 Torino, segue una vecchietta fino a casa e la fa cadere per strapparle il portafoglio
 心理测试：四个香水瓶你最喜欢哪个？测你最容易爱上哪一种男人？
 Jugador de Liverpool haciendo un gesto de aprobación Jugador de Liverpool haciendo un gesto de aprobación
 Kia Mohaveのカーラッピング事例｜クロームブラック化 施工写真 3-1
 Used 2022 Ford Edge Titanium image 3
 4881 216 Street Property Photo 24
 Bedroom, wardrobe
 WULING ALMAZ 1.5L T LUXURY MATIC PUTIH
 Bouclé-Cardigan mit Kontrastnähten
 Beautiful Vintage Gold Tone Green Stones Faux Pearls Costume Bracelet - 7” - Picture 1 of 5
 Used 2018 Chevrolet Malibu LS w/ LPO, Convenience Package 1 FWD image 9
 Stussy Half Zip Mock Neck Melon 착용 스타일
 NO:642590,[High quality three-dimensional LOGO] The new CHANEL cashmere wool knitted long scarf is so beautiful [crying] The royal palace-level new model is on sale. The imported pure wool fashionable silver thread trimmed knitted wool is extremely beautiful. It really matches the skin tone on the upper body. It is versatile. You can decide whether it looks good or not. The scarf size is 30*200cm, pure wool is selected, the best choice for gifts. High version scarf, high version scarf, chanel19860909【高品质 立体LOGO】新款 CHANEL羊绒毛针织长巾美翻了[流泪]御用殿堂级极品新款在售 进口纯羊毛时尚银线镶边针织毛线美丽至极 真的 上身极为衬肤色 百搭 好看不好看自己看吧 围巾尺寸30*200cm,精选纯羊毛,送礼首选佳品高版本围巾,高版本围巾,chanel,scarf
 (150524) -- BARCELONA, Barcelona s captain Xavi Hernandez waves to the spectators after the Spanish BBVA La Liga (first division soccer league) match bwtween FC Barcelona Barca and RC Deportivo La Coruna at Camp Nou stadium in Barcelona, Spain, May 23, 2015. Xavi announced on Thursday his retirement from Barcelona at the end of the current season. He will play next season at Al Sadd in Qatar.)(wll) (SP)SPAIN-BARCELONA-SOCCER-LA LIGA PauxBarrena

* _What you are asked to do_: Going back to the entries above, set down exactly the lines that begin at the one with "心理测试：四个香水瓶你最喜欢哪个？测你最容易爱上哪一种男人？" and end at the one with "Stussy Half Zip Mock Neck Melon 착용 스타일", both included, and nothing else.

* _Your solution_:
 心理测试：四个香水瓶你最喜欢哪个？测你最容易爱上哪一种男人？
 Jugador de Liverpool haciendo un gesto de aprobación Jugador de Liverpool haciendo un gesto de aprobación
 Kia Mohaveのカーラッピング事例｜クロームブラック化 施工写真 3-1
 Used 2022 Ford Edge Titanium image 3
 4881 216 Street Property Photo 24
 Bedroom, wardrobe
 WULING ALMAZ 1.5L T LUXURY MATIC PUTIH
 Bouclé-Cardigan mit Kontrastnähten
 Beautiful Vintage Gold Tone Green Stones Faux Pearls Costume Bracelet - 7” - Picture 1 of 5
 Used 2018 Chevrolet Malibu LS w/ LPO, Convenience Package 1 FWD image 9
 Stussy Half Zip Mock Neck Melon 착용 스타일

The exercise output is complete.